クリストファー・ノーラン監督は凄く頭の良い人だと思うので、どこまで望んでいるかはわかりませんが…。
映画館で上映されるわけですから、観たくないなら観なければ良いだけのことですし、観たいなら観れば良いのでは…と思うのですが、今の日本ではそういうことも許されない…観る自由も観ない自由も与えられない…何とも物騒な国になったものです。
ところで、今日は『インセプション』の話です。
かなりの複雑なルールや、これまでに観たことがないような新しい視覚表現、舞台が他人の夢の中という独特の設定など…ディティールやプロットを1度の鑑賞で把握することが、大変難しい…内容の濃いSF映画です。
実際にファンの間では、鑑賞後も様々な考察や論議がされてきました。
私も劇場に11回観に行き、その後もDVDで何度も観ました。
クリストファー・ノーラン監督は、この映画の構想に20年以上費やして脚本を書き上げました。
ストーリーは…、
“エクストラクション(他人の夢の中に潜入し、その人物のアイディアや情報を盗み取ること)”を商売にしていたコブ(レオナルド・ディカプリオさん)は、ある日サイトー(渡辺謙さん)という男から新しいスタイルのミッションを依頼されました。
“インセプション”と呼ばれるその任務は、サイトーのライバル企業の社長の息子ロバート(キリアン・マーフィーさん)を騙すという内容です。
これを、スパイ行為で国外追放されているコブは、これまでの人生をリセットして愛する子どもとの時間を取り戻すチャンスをもらうという条件で引き受けました。
仲間を集めたコブは、ターゲットであるロバートと同じ飛行機に乗り込み、彼の夢の中にグループで潜入しました。
しかし、夢の中には亡くなった妻のモル(マリオン・コティヤールさん)が度々現れて、ミッションの遂行を妨害してくるので、なかなか思うように物事が進みません。
様々なトラブルに見舞われながらも、犯罪チームは遂にロバートの潜在意識に偽の情報をインプットすることに成功します。
このようなストーリー展開です。
エクストラクションの方がインセプションよりもポピュラーな犯罪で、インセプションの方が失敗のリスクが高い犯罪という設定になっています。
コンピューターのハッキングなんていうのはもう過去の遺物であって、人の心こそが最も攻撃されやすい標的という設定がとても魅力的です。

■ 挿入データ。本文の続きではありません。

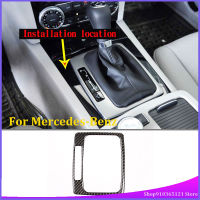 สำหรับ -Benz C-Class 2005-2012สติกเกอร์ตกแต่งเกียร์จริงคาร์บอนไฟเบอร์ภายในรถการปรับเปลี่ยนอุปกรณ์เสริม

エクストラクション中に目を覚ます方法は、“キック”、“夢共有装置のタイムリミット”、“夢の中で死ぬ”の3つしかありません。
インセプションは標的が眠っている隙に夢の中に忍び込み、外部の考えを埋め込んで都合よく動かす行為です。
洗脳のようなものです。
新しいスタイルの犯罪で、エクストラクションよりも実行が難しく、これを実行している人はほとんどいません。
夢からの覚醒はエクストラクションと同様の手順ですが、劇中のミッションでは強い鎮静剤が使用されているので、万が一、夢の中で死亡した場合は虚無の層に堕ちて、現実の身体には心が戻らなくなってしまいます。
舞台は夢の中です。
しかもそれが3層構造になっていてとても複雑です。
夢の中で眠り、更に違う夢を見る…という幾重にも重なった構造が夢の階層です。
夢にはドリーマーが存在し、その人物の夢を皆で共有している状態です。
ドリーマー は夢の提供者で…ホストのことです。
夢を創って細部をデザインするのは設計者ですが、夢自体はドリーマーが提供しています。
最初に夢の提供者は、夢共有装置で参加者全員を眠らせて1段階下の層に送ります。
また“キック”で皆を目覚めさせるのもドリーマーの重要な役割です。
その為に、ドリーマーだけはそのフロアに残って眠っている他のメンバーを守ります。
またその際は“キック”のタイミングを計りつつ、他の階層と合わせなければなりません。
“キック”についてですが、スムーズに夢から覚醒する為のツールです。
具体的には、眠っている人に高いところから飛び降りる時の落下感を与えたり、水の中に落とし込んだりして、そのショックによって目覚めさせます。
“夢の中で死ぬ”という選択肢が使えないミッションでは、無事に目覚める為には“キック”が極めて重要になります。
また今回のミッションでは各階層の“キック”のタイミングを合わせる為の合図として、音楽が使用されました。
様々なフロアで、エディット・ピアフさんの名曲「水に流して」が流れるシーンはとても印象的です。
また現実世界と各階層では時間の流れる速さにも差異があり、もっと深い階層に潜ると時間の流れは遅くなっていきます。
例えば現実世界の10時間は、第1階層の1週間に相当します。
よって第1階層でバンが落ちるわずかな時間の間に、下の階層ではよりたくさんの任務を果たすことができる…ということになります。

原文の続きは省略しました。